The use-case here is that there is sensetive data in one MySQL database (and another MS SQL Server database) and the tables have to be copied to the S3 Bucket. I do not want to store locally any tables as files but stream it directly to the AWS S3 Bucket (probably in an anonymized way). As I understand the documentation of the tS3Put it should be possible to "upload data onto S3 from cache memory via the streaming mode" (Talend Documentation) which is supported since Talend Studio 7.
How do I achive that?
More information about a simple job is provided by the screenshots.
@tomtailor ,check the below link to use stream option.
https://help.talend.com/reader/og0CEvPpYA_lek9vzkTKig/FqKUw_PbNWEpKBOGkBcAeQ
Thanks @manodwhb but I already saw this site and does not help me. Its more about how to use the tS3Put component with "Stream" from a CSV-file (tFileOutputDelimited) in memory.
How can I do this?
Hey Tom,
Did you ever figure out how to configure this? I'm looking to do the same sort of thing and I haven't been able to get stream to work with the tS3Put component.
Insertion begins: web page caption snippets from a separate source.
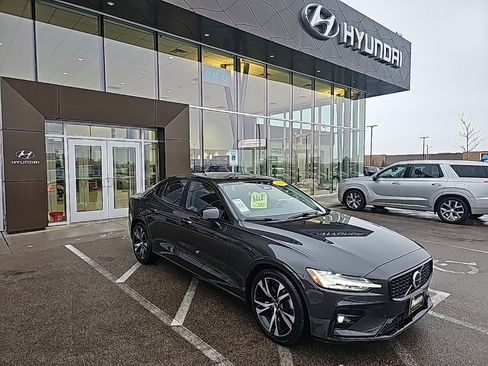 Used 2024 Volvo S60 B5 Core image 7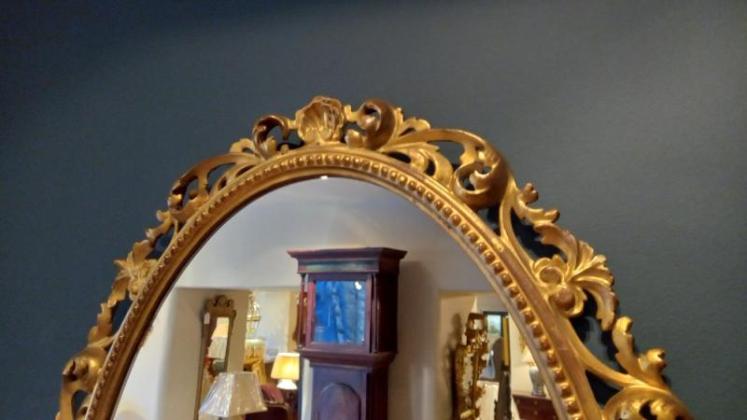 Victorian Florentine Plaster Gilt Oval Mirror - Image 3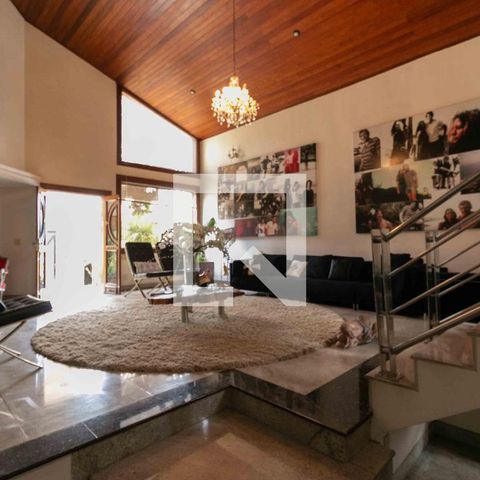 Casa de condomínio para alugar com 800m², 5 quartos e 6 vagasSala 1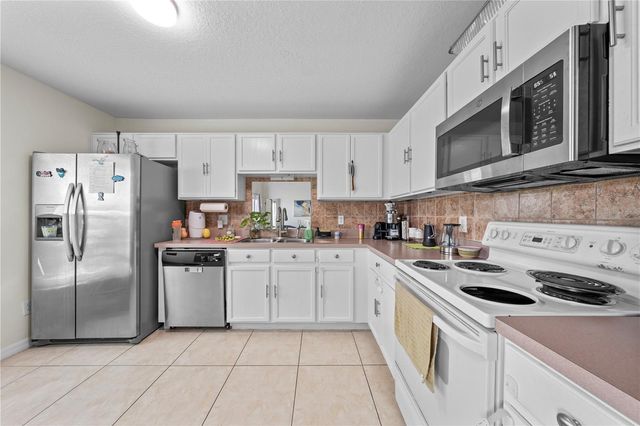 2344 TOPAZ TRAIL, Kissimmee, FL 34743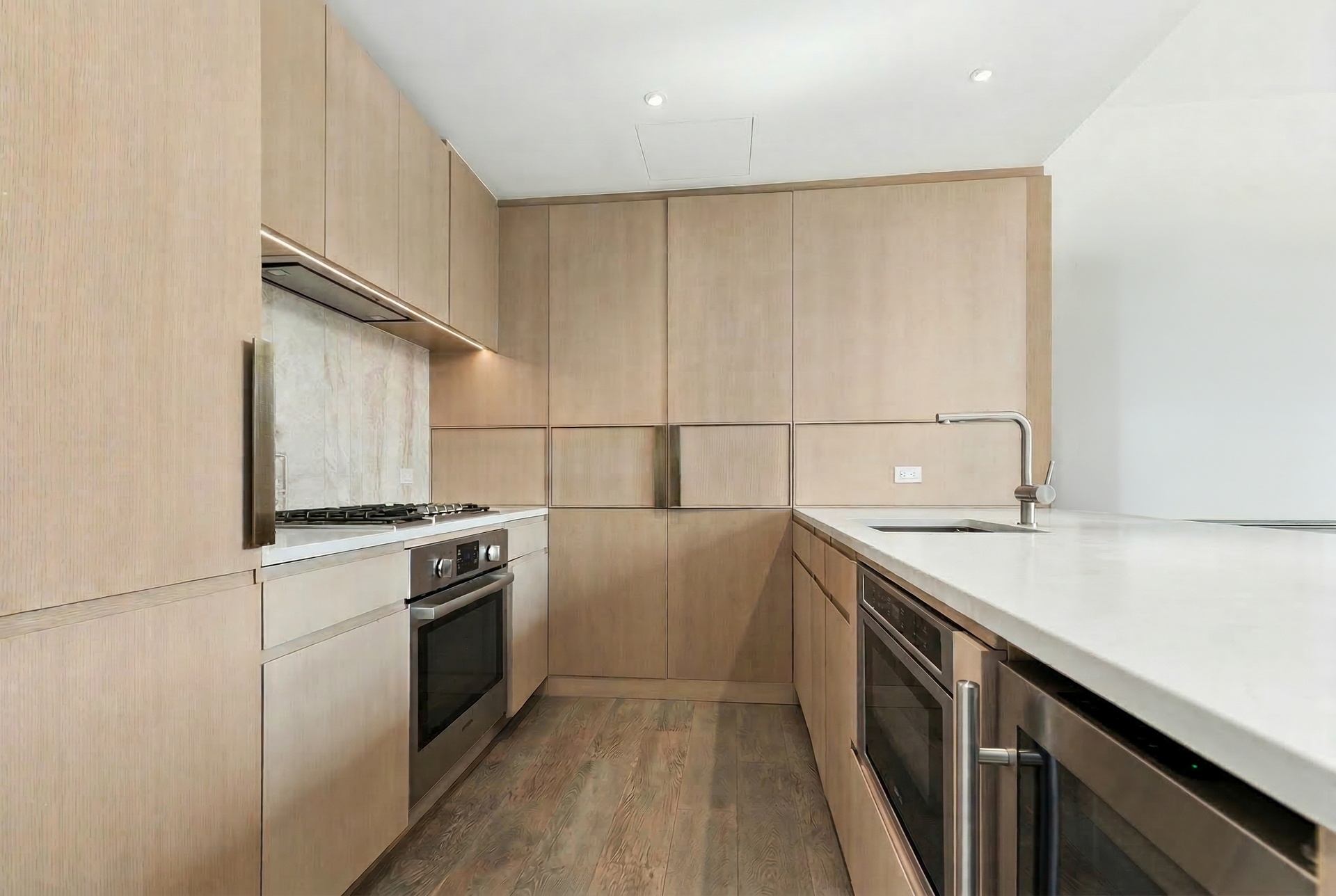 #5 photo, 10 Nevins Street, Downtown Brooklyn , NY 11217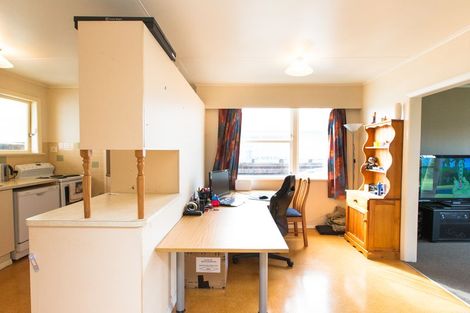 Photo of property in 43 Sutherland Crescent, Westbrook, Palmerston North, 4412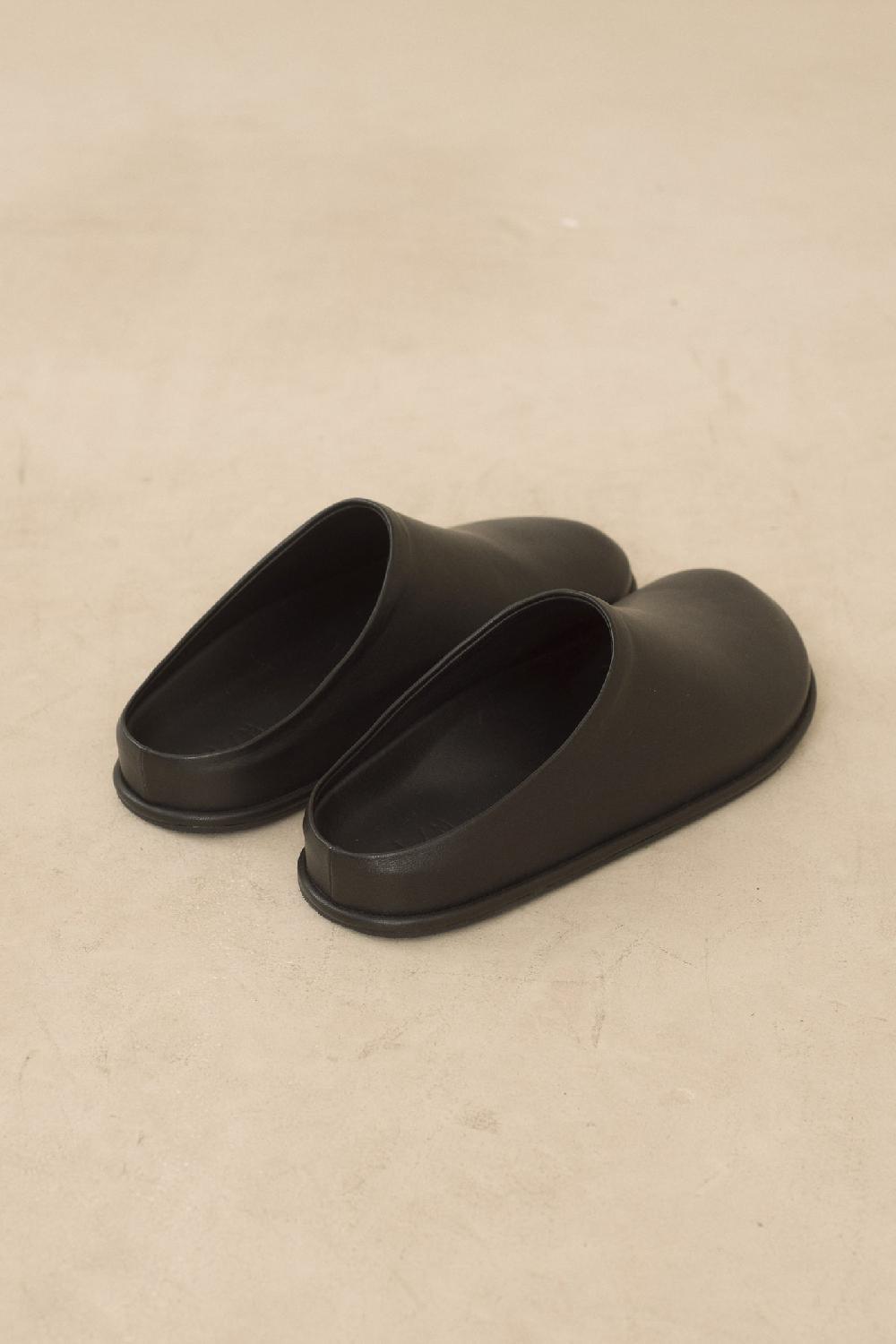 Lauren Manoogian SOFT MONO MULE BLACK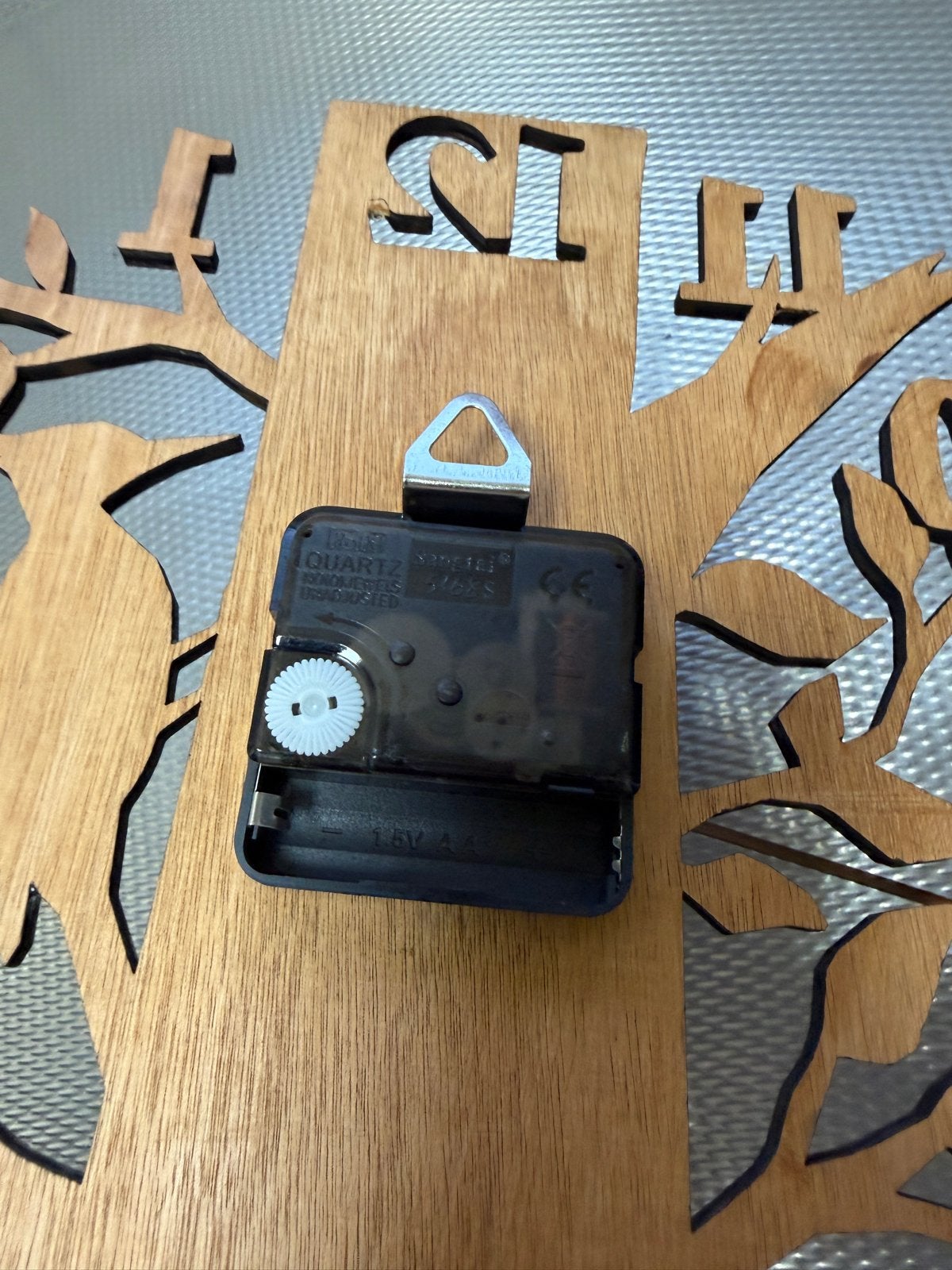 Unieke Houten Wandklok met Specht en Stil Uurwerk, Wandklok, Verzenden, Bruin, Landelijk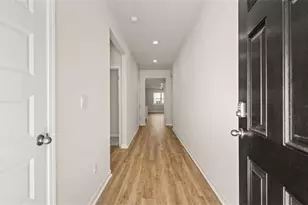 306 Friendship Oak Wy, Hampton, GA 30228 - Photo 4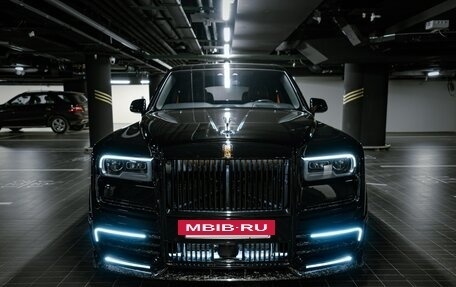 Rolls-Royce Cullinan, 2023 год, 59 500 000 рублей, 2 фотография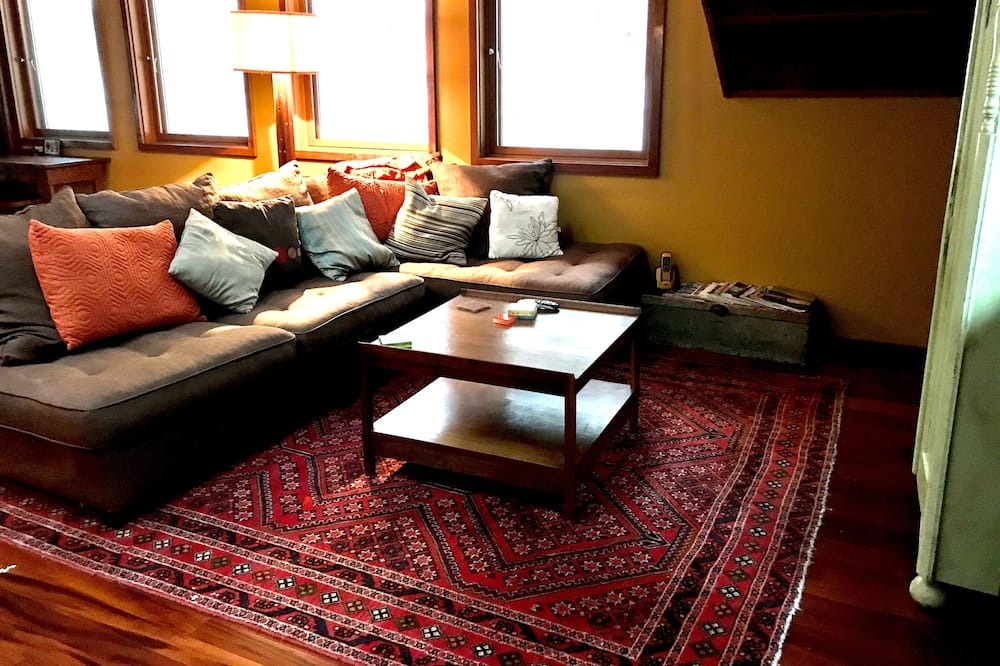 Photo of Bedroom in Hope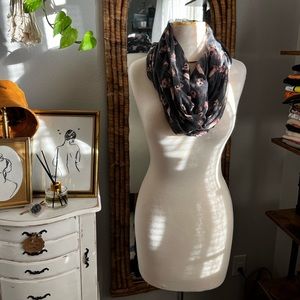 Gray Floral Patterned Infinity Scarf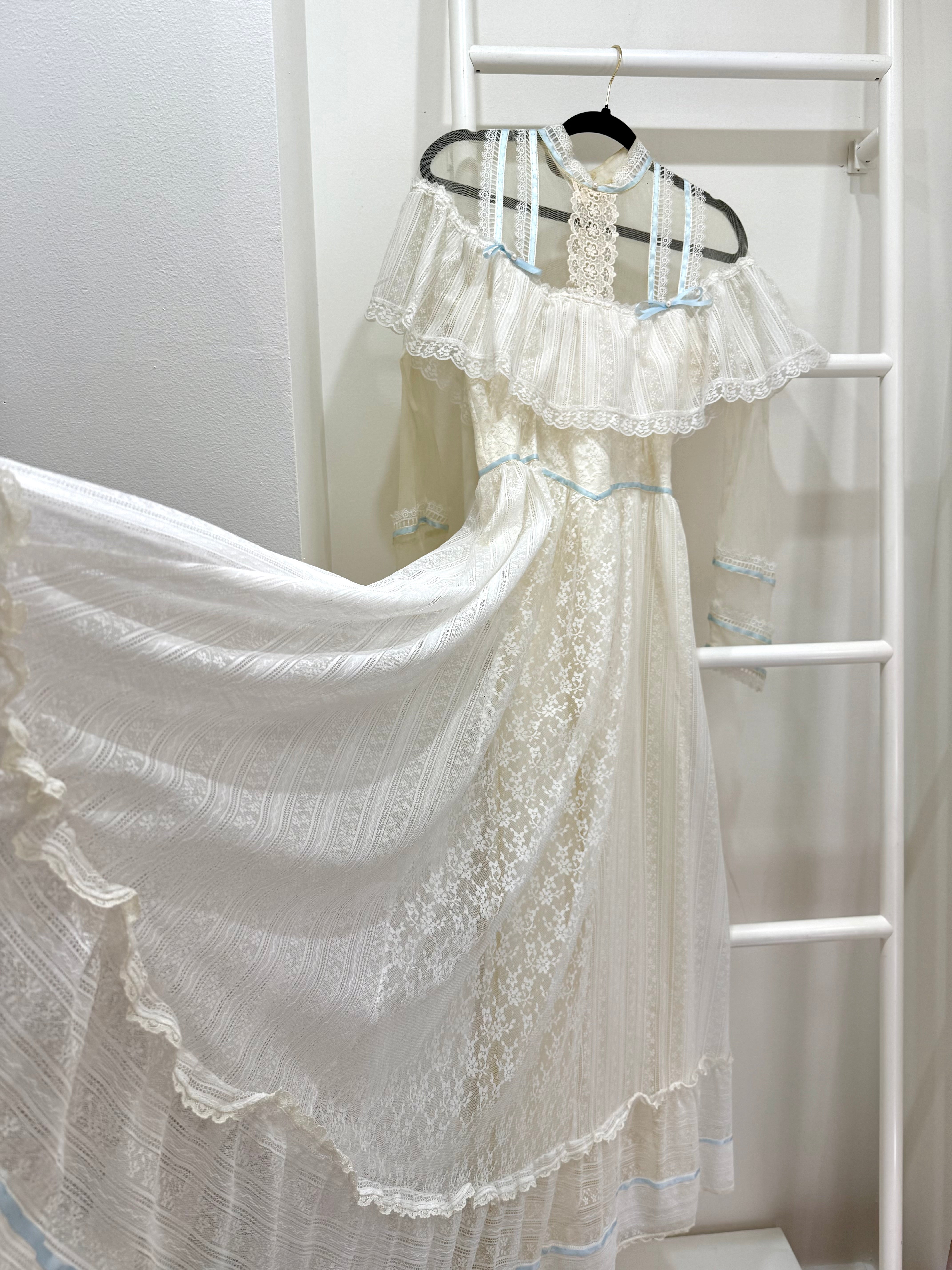 1970s Gunne Sax White Lace & Blue Ribbon Gown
Any help or guidance would be greatly appreciated.
Best,
Ryan
Hello,
For a simple use-case you can refer to this sample job here:
https://github.com/Talend/tuj/tree/master/tuj/java/Amazon/S3/TDI40201_tS3Put_SmallStream
It basically uses:
java.io.FileInputStream stream = new java.io.FileInputStream(context.data_output_dir + "/" + jobName + "/out.csv");
globalMap.put("stream", stream);
And inside S3Put:
(java.io.FileInputStream)globalMap.get("stream")
I also did a quick test with multiple threads.
tSleep is not needed but it proves that we can flush and close the OutputStream before we start to consume it.
This relies on java PipedInput / PipedOutputStream.
We create an Output and an Input stream and link them together.
(Inspiration came from https://stackoverflow.com/questions/5778658/how-to-convert-outputstream-to-inputstream )
In a tJava we prepare these streams:
java.io.PipedInputStream in = new java.io.PipedInputStream();
final java.io.PipedOutputStream out = new java.io.PipedOutputStream(in);
globalMap.put("inputStream", in);
globalMap.put("outputStream",out);
Once this is done we can create our parallel threads via tParallellize.
FileOutputDelimited will use a stream and write to:
((java.io.PipedOutputStream)globalMap.get("outputStream"))
Once it is done with writing we need to flush the stream (tJava):
java.io.PipedOutputStream outPipe = ((java.io.PipedOutputStream)globalMap.get("outputStream"));
outPipe.flush();
outPipe.close();
Meanwhile in the tS3Put we use:
((java.io.PipedInputStream)globalMap.get("inputStream"))
I hope this helps.